| name | research-discovery-execution |
| description | Execute and monitor discovery sessions for finding research papers across academic sources. Use when running discovery searches. |
Research Discovery Execution
Execute discovery searches systematically and monitor their progress to find relevant research papers.
Quick Start: Running Discovery
Most common use: User needs to find papers on a specific topic from academic sources.
Standard Execution
User request: "Find papers on quantum error correction from 2024"
Step 1: Verify research question exists
- Use list_research_questions
- If doesn't exist, tell orchestrator to create one first
Step 2: Run discovery
- Use run_discovery_for_question
- Specify question ID or name
- Set parameters (date range, sources)
Step 3: Monitor progress
- Update workflow_state with status
- Check for errors or timeouts
- Provide progress updates
Step 4: Return results
- Count of papers found per source
- Summary of top papers
- Quality metrics (relevance scores)
Discovery Workflow
Phase 1: Validation
Before running discovery, validate:
- Research question exists
- Sources are available
- Parameters are valid
- No duplicate recent searches
Check existing research questions:
questions = list_research_questions()
If question not found:
"The research question hasn't been created yet. The orchestrator
should create it first using the research-question-creation skill."
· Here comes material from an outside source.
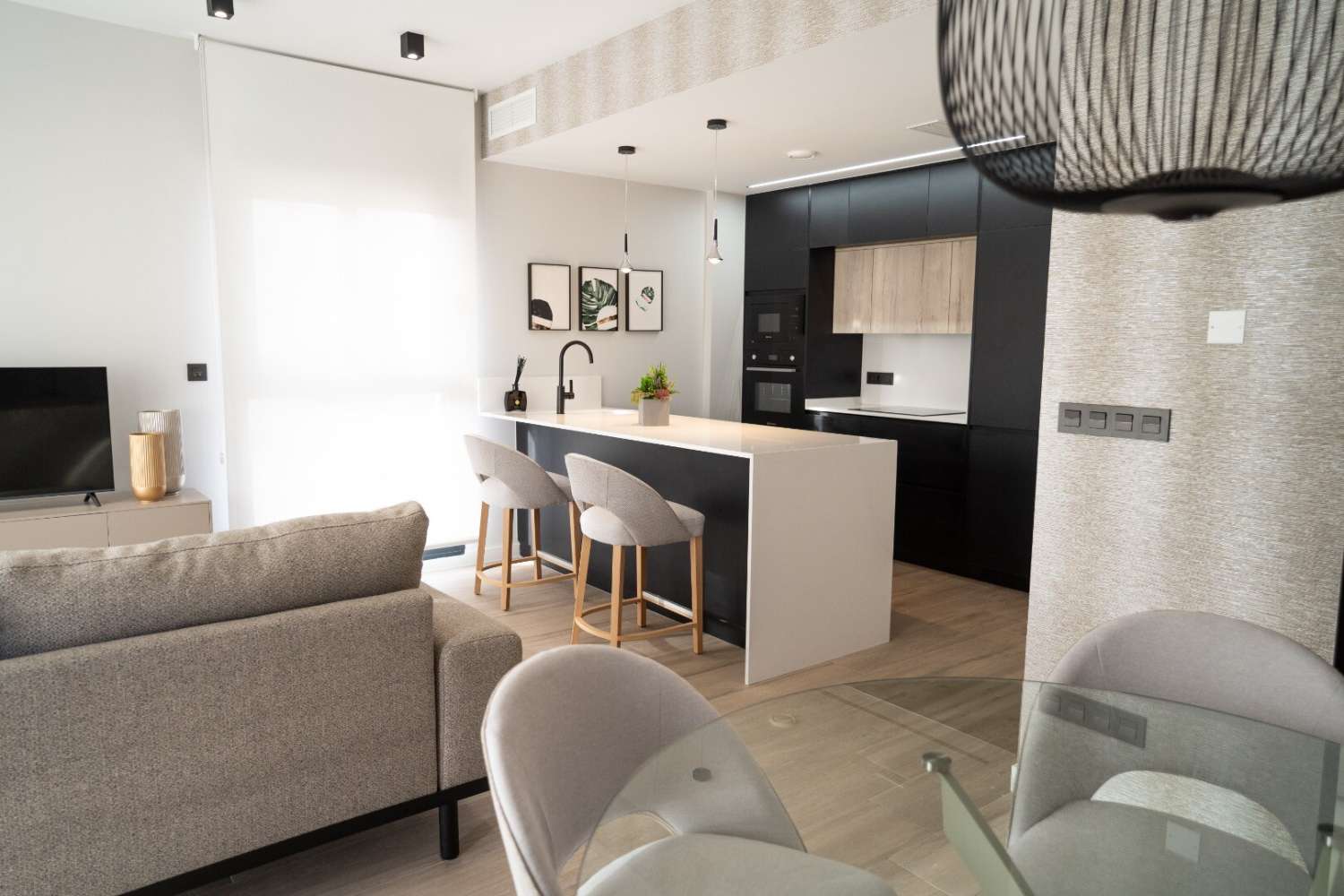 Projet de construction neuve à petite échelle de 26 appartements à Punta Prima, à 1000 m de la mer.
If question exists but recently run:
"This discovery was run 2 hours ago. Found 45 papers.
Do you want to run again or use existing results?"
Phase 2: Execution
Run discovery with proper parameters:
run_discovery_for_question(
question_id="...",
force_refresh=False, # Set to True to ignore cache
max_results=100, # Limit per source
min_relevance=0.7 # Quality threshold
)
Sources checked (in order):
- arXiv (fast, high quality)
- Semantic Scholar (comprehensive)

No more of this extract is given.